2016-01-10

Civilization V on Ubuntu x64 with rv770 and open source drivers

I recently bought Civilization V on Linux and I'm having a lot of fun playing that game. However, it is always risky for me to buy a 3D game because AMD does not support my Radeon graphics card anymore, a Radeon HD4870, internally called rv770. I need to rely on the open source drivers (provided by the Mesa3d project and the default drivers installed with Ubuntu).

It does not mean the open source drivers are bad, but game developers usually only care about testing their game with official drivers provided by the graphics card vendor. If a piece of code is not tested, chances are high that it won't work.

I was pleased to observe that the game works fine on my system.
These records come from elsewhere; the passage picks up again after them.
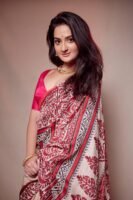 Pure Handloom Bishnupuri Silk Saree with Block Print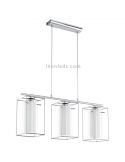 Luminária pendente LED de cristal Loncino 3XE27 | Antigo candeeiro cromado Eglo Lighting | Leon Iluminação LED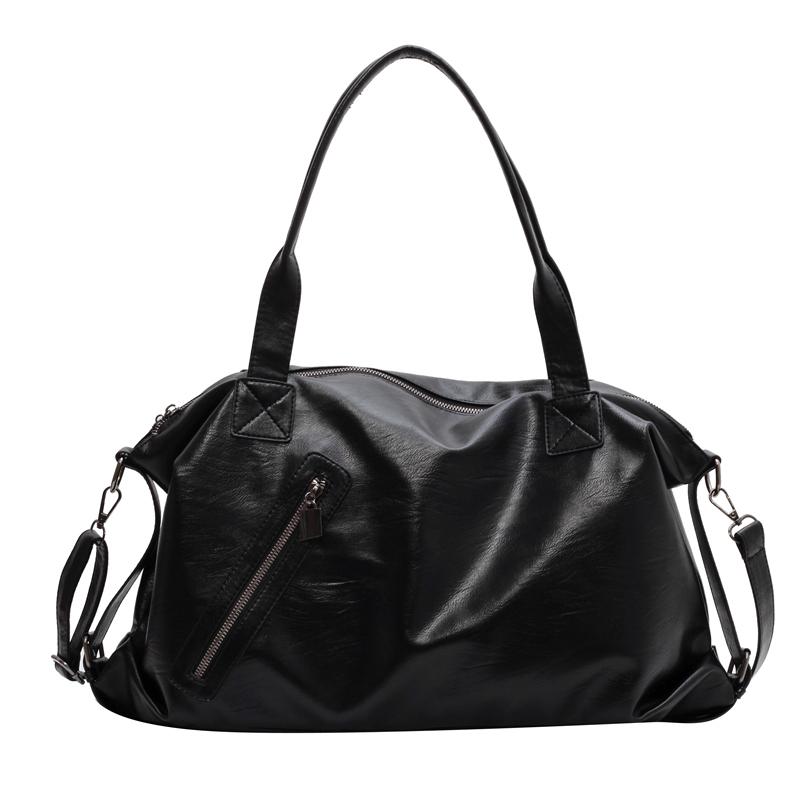 High Capacity Shoulder Bags for Women Solid Color Simple PU Leather Shopping Travel Tote Bag Female Lightweight Handbags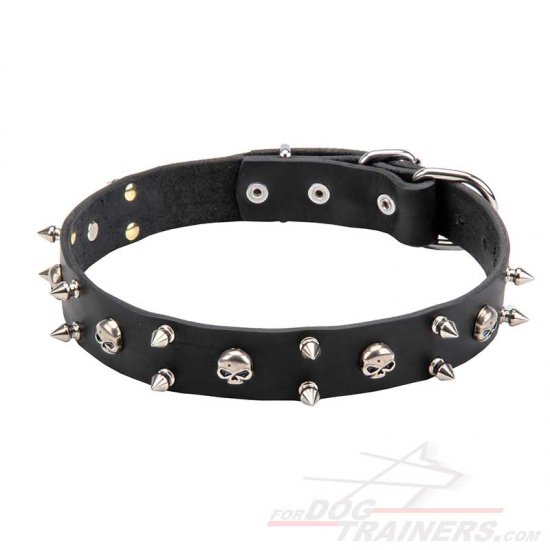 "Jolly Roger" Leather Dog Collar with Skulls and 2 Rows of Spikes - Click Image to Close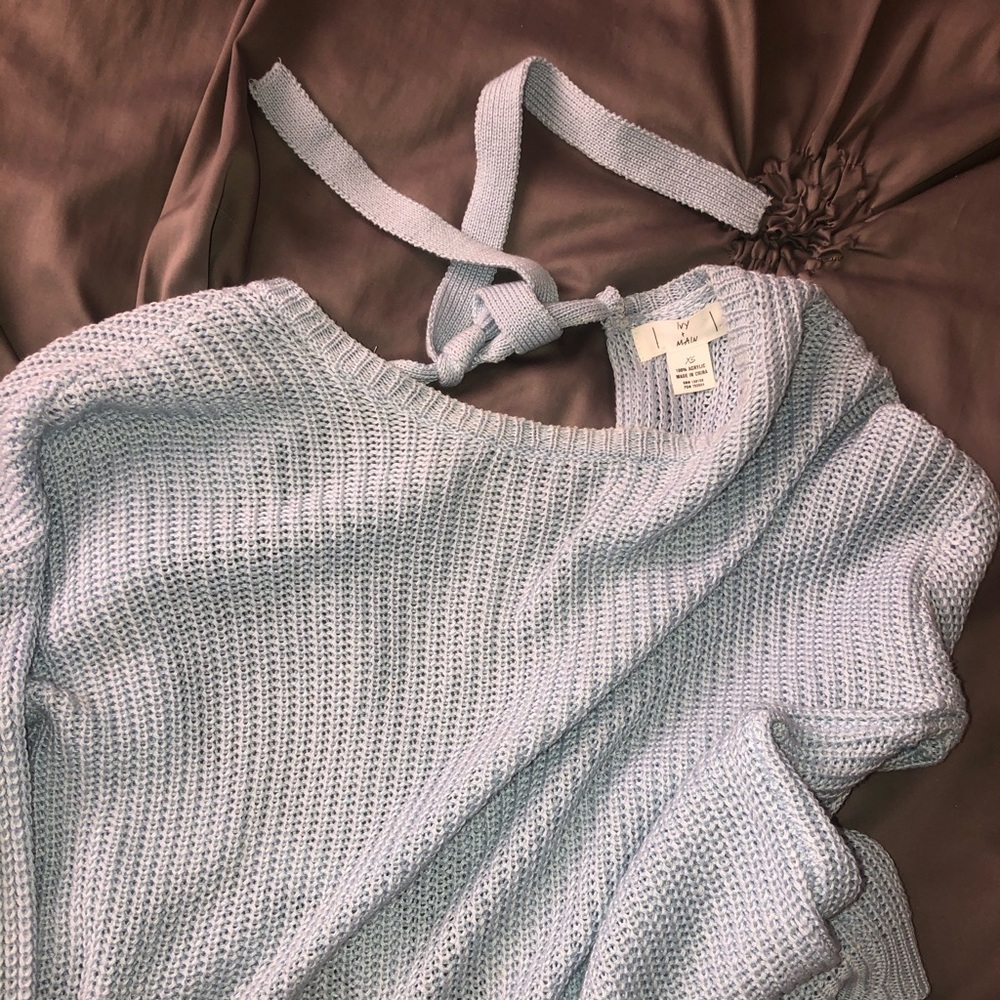 Baby Blue Open Back Sweater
But at one moment in the game, I faced a bug where some character appears completely black.

I opened a new bug ticket at the Mesa3d project, and one of the things that can help Mesa developers is a "apitrace" file. apitrace is a great tool that allows recording all OpenGL calls of a program and replay that calls as many times as you want. It makes possible debugging a graphics program with a predictive set of conditions, a very valuable method of debugging.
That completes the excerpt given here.